→ **Data for this task**:
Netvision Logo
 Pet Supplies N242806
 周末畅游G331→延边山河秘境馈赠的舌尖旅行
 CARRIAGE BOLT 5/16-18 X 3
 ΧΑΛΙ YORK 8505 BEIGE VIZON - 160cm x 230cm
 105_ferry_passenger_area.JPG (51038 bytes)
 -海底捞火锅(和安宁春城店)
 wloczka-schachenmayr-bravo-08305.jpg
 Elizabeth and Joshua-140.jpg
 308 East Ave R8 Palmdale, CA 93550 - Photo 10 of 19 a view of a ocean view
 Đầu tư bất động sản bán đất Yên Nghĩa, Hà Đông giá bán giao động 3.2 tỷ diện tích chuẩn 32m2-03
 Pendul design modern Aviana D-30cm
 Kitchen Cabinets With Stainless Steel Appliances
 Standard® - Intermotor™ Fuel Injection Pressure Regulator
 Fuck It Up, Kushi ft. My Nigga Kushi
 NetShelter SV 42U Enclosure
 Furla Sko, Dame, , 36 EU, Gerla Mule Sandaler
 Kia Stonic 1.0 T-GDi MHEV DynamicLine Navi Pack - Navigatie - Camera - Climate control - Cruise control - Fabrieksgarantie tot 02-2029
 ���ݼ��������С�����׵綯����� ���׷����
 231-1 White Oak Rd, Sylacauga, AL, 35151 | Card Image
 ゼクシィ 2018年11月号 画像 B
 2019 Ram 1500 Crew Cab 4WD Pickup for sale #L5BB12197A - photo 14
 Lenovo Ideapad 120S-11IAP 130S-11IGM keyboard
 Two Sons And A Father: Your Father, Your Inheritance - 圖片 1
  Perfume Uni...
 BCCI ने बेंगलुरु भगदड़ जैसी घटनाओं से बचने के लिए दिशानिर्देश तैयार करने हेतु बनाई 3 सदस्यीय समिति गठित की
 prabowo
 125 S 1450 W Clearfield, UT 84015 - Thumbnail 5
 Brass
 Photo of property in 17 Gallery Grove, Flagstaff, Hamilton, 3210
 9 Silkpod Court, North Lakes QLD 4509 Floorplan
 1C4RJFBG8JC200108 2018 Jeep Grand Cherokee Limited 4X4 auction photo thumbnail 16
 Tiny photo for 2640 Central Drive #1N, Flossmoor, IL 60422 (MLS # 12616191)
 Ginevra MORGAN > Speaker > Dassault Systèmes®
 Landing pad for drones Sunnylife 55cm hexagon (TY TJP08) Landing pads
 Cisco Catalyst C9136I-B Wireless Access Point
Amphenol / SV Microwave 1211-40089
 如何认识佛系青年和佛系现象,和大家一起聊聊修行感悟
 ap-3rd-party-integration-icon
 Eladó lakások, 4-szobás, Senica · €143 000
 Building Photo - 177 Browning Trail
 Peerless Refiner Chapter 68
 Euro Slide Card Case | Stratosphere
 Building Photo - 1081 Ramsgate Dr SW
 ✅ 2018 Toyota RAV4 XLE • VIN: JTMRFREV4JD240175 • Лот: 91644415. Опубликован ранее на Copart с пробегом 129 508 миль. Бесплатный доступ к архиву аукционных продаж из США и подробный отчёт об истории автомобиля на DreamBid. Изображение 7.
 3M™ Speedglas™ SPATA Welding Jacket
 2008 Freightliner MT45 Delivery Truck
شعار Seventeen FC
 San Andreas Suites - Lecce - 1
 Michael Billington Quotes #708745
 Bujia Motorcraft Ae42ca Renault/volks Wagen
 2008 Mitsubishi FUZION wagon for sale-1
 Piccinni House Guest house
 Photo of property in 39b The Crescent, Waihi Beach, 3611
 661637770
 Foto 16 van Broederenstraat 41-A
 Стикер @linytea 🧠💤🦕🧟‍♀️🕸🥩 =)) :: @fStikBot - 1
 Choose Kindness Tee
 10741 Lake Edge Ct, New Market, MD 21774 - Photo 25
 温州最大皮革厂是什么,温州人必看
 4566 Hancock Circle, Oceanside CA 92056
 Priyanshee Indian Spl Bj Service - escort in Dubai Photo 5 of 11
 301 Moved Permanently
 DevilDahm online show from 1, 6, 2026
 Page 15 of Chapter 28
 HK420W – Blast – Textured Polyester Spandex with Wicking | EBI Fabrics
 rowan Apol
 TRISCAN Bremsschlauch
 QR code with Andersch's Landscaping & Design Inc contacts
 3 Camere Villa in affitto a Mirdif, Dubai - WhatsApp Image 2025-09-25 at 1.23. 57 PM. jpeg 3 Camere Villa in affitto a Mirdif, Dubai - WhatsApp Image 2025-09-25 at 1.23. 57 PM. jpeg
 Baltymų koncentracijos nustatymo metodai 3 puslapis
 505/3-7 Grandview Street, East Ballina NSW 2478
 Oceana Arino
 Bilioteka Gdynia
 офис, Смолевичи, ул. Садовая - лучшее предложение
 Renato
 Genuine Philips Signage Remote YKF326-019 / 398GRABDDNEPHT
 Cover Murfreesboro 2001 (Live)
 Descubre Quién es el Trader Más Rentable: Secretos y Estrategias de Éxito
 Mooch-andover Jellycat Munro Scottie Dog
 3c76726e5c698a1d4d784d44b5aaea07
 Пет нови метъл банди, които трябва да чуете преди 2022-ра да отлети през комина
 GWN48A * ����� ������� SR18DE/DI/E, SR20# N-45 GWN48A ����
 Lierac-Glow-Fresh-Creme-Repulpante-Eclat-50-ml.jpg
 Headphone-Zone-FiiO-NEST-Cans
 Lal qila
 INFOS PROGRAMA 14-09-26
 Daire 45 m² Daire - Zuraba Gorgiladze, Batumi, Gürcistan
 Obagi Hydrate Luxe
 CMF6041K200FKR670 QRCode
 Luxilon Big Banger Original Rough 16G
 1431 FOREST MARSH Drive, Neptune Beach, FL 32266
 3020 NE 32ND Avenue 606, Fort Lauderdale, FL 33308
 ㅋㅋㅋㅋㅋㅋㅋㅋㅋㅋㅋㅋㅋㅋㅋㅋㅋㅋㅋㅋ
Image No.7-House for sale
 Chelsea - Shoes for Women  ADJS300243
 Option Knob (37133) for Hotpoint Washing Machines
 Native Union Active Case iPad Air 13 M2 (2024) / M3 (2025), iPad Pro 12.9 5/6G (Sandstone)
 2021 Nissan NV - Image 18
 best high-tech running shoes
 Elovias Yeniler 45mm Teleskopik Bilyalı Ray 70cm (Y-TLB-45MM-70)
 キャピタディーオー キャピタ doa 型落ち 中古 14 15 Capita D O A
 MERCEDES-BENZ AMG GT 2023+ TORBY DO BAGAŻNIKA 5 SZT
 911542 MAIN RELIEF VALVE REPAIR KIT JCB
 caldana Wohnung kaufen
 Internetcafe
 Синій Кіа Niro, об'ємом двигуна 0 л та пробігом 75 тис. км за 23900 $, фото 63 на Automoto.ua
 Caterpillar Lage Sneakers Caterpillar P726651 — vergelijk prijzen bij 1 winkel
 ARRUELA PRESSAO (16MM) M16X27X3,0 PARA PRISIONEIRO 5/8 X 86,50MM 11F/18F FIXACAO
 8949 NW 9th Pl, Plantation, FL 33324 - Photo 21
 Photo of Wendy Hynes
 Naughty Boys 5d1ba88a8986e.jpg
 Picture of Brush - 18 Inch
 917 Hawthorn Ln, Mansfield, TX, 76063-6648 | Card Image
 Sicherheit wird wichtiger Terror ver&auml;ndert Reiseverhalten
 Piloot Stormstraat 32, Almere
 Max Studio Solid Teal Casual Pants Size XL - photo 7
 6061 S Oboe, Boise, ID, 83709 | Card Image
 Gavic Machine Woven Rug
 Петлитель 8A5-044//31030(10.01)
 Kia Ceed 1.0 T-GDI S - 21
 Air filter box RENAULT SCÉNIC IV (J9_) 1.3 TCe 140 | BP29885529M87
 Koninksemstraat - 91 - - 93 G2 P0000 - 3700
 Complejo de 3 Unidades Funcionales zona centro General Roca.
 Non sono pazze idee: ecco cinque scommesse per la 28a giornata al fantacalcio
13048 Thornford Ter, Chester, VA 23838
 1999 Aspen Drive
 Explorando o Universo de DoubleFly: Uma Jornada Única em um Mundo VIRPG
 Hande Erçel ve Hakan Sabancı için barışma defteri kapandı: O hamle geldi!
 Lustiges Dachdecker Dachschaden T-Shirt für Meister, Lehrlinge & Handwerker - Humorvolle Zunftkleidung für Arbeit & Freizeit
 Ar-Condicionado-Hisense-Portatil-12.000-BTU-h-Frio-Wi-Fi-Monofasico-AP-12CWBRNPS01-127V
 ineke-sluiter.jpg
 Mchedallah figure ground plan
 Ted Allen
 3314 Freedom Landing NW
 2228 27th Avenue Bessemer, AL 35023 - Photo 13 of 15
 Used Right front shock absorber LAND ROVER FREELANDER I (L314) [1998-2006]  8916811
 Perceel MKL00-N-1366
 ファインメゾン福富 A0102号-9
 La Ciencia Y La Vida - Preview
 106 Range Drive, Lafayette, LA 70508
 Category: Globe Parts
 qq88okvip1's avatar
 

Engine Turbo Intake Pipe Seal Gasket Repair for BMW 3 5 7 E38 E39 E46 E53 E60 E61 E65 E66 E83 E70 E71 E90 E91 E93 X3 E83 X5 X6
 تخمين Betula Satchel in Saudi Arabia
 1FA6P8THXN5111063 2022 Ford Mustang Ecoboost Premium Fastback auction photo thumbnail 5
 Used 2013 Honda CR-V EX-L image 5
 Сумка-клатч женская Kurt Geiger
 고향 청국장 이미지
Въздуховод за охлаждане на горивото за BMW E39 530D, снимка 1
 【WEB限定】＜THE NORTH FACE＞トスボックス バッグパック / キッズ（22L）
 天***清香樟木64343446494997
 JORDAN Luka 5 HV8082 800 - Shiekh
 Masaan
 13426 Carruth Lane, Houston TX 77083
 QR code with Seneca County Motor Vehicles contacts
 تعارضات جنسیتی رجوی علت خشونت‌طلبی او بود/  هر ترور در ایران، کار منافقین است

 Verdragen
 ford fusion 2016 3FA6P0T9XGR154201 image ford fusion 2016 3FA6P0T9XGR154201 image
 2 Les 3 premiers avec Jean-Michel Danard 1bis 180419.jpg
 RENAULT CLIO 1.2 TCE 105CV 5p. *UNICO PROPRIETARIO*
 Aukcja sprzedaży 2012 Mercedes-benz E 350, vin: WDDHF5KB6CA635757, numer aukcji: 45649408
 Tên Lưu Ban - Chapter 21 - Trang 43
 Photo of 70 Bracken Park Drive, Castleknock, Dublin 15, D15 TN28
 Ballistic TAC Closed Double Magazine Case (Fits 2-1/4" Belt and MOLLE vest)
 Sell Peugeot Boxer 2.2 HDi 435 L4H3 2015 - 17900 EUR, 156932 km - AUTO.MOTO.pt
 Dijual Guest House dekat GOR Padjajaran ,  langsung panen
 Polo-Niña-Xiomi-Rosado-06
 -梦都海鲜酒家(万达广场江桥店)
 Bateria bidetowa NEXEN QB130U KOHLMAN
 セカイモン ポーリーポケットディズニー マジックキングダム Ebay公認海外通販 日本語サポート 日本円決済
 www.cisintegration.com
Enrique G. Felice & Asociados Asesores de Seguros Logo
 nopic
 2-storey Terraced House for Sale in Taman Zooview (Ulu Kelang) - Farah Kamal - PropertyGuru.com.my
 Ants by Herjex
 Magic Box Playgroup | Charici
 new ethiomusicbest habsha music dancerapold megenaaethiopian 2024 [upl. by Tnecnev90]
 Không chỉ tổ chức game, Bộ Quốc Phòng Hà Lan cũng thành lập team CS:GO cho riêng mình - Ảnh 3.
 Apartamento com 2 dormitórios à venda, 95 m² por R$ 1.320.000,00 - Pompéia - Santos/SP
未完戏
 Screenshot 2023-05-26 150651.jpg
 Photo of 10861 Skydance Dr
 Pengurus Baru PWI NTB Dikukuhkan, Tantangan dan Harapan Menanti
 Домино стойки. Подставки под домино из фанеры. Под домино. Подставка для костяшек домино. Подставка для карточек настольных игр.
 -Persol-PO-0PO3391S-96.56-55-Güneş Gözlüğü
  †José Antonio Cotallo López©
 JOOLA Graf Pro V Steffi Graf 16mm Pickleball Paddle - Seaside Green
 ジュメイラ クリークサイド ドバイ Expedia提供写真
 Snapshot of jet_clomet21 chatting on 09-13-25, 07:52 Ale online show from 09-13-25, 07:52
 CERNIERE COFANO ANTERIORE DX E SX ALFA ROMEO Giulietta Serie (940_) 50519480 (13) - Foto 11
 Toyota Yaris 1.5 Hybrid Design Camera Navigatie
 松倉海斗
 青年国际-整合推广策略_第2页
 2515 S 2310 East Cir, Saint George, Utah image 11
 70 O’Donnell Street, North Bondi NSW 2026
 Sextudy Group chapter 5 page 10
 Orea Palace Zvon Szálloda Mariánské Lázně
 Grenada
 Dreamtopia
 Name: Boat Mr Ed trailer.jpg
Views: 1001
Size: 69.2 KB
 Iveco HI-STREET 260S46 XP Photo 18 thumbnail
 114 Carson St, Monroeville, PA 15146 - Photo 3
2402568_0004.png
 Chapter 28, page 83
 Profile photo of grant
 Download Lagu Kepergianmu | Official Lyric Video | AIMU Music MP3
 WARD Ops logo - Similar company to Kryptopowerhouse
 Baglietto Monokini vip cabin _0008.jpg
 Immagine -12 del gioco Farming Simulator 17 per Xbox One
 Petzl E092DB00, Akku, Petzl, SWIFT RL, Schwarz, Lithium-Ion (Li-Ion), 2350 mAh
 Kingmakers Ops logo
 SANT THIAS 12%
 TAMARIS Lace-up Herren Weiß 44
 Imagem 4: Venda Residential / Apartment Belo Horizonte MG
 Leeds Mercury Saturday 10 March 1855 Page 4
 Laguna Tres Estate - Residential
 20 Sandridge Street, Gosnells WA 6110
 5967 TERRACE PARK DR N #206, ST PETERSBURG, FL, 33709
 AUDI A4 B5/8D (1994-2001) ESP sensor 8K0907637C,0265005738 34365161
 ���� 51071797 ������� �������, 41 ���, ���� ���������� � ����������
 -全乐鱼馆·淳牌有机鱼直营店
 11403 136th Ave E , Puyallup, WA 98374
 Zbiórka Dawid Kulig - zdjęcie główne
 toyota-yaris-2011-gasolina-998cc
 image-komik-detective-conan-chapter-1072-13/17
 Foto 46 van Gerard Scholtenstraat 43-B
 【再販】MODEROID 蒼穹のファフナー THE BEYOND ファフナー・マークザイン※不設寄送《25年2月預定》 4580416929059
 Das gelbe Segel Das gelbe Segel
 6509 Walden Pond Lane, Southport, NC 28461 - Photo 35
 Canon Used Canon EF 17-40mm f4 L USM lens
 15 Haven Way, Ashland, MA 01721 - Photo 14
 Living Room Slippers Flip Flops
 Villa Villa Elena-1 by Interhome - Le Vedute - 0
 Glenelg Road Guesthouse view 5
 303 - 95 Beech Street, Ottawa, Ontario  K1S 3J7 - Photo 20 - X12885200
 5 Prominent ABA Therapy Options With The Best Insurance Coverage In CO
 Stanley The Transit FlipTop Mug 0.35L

→ **Task to complete**: In the entries above, the lines between the one holding "308 East Ave" and the one holding "3M™ Speedglas™ SPATA Welding Jacket", inclusive, are to be printed exactly as written, and those alone.

→ **Answer area**:
 308 East Ave R8 Palmdale, CA 93550 - Photo 10 of 19 a view of a ocean view
 Đầu tư bất động sản bán đất Yên Nghĩa, Hà Đông giá bán giao động 3.2 tỷ diện tích chuẩn 32m2-03
 Pendul design modern Aviana D-30cm
 Kitchen Cabinets With Stainless Steel Appliances
 Standard® - Intermotor™ Fuel Injection Pressure Regulator
 Fuck It Up, Kushi ft. My Nigga Kushi
 NetShelter SV 42U Enclosure
 Furla Sko, Dame, , 36 EU, Gerla Mule Sandaler
 Kia Stonic 1.0 T-GDi MHEV DynamicLine Navi Pack - Navigatie - Camera - Climate control - Cruise control - Fabrieksgarantie tot 02-2029
 ���ݼ��������С�����׵綯����� ���׷����
 231-1 White Oak Rd, Sylacauga, AL, 35151 | Card Image
 ゼクシィ 2018年11月号 画像 B
 2019 Ram 1500 Crew Cab 4WD Pickup for sale #L5BB12197A - photo 14
 Lenovo Ideapad 120S-11IAP 130S-11IGM keyboard
 Two Sons And A Father: Your Father, Your Inheritance - 圖片 1
  Perfume Uni...
 BCCI ने बेंगलुरु भगदड़ जैसी घटनाओं से बचने के लिए दिशानिर्देश तैयार करने हेतु बनाई 3 सदस्यीय समिति गठित की
 prabowo
 125 S 1450 W Clearfield, UT 84015 - Thumbnail 5
 Brass
 Photo of property in 17 Gallery Grove, Flagstaff, Hamilton, 3210
 9 Silkpod Court, North Lakes QLD 4509 Floorplan
 1C4RJFBG8JC200108 2018 Jeep Grand Cherokee Limited 4X4 auction photo thumbnail 16
 Tiny photo for 2640 Central Drive #1N, Flossmoor, IL 60422 (MLS # 12616191)
 Ginevra MORGAN > Speaker > Dassault Systèmes®
 Landing pad for drones Sunnylife 55cm hexagon (TY TJP08) Landing pads
 Cisco Catalyst C9136I-B Wireless Access Point
Amphenol / SV Microwave 1211-40089
 如何认识佛系青年和佛系现象,和大家一起聊聊修行感悟
 ap-3rd-party-integration-icon
 Eladó lakások, 4-szobás, Senica · €143 000
 Building Photo - 177 Browning Trail
 Peerless Refiner Chapter 68
 Euro Slide Card Case | Stratosphere
 Building Photo - 1081 Ramsgate Dr SW
 ✅ 2018 Toyota RAV4 XLE • VIN: JTMRFREV4JD240175 • Лот: 91644415. Опубликован ранее на Copart с пробегом 129 508 миль. Бесплатный доступ к архиву аукционных продаж из США и подробный отчёт об истории автомобиля на DreamBid. Изображение 7.
 3M™ Speedglas™ SPATA Welding Jacket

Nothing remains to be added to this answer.